Sunday, November 28, 2010

Homesick Suburban Alien

It was somewhere around midnight, on the cusp of another turkey day full of giving thanks and togetherness and what have you.  Driving down to LA, I realized and felt that, however minor and off-handed it seemed to be, this Thanksgiving was going to be different.  Looking back on past such family gatherings, the questions always arise, “So how’s school?  What classes are you taking?  When do you graduate?”  With those inquiries no longer applicable, there’s understandably a shift in focus; a shift towards the future.  “What are you going to do now?  Are you looking for a job?”  With the brush of exaggeration stroking furiously, I coax a believable, if not altogether focused retort, hoping and quite confident that the ruse has worked.  “Are you looking for a job?”  Sure, jobs are fun.  “Look into this company.”  Ok. Except no, that sounds stupid.  I don’t think I want to do that at all. 

It was a time when that heavy satin curtain of mysticism between me and adulthood – which had slowly been falling for the last couple years – now lay motionless in a heap at the foot of reality.  I finally get the joke.  These people I had been listening to, without question, for years… my teachers, my parents, my bosses.  Whatever had separated us before is gone.
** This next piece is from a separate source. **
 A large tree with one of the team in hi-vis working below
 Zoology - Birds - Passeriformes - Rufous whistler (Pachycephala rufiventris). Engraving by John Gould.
Sitting there alone on the deck, and with the mushrooms hitting the peak of their poison, I have to close my eyes to stop the incessant chatter playing back in my brain.  Deep breadth in.  Deep breadth out.  The until now distant murmur of the city, suddenly becomes a deafening growl, an orchestrated cacophony of departing planes, midnight traffic, night life, pleasures, and sins.  It feels like the glass upon glass of wine has at once soaked my entire interior, as every pore in my body seems to be exhaling the soft bitter aftertaste of a certain cab that had been enjoyed earlier.  Maybe the Coppola, maybe the Crusher, maybe the daunting twist-off top one.  The memory’s lost and unfocused behind the city’s symphony howling in my eardrums.  I open my eyes and a breath stops short as the eerie serenity of my environment floods back.  There’s a full moon’s reflection on the Pacific coming from back above and behind the house, past this balcony and that groove of palm trees, and the boardwalk lights and the lifeguard tower, hitting the water just north of the Pier.  All in one frame, and with a hand extended out, the reflection’s caught in a finger-formed crescent before my eyes and, to me, it is a thing of absolute beauty; a beauty capable of being experienced only by an over-analytical, hair-pulling man drunk silly on wine, high stupid on spliffs, and positively over the falls in a wood crate barrel named “Chocolate Mushroom Bars”.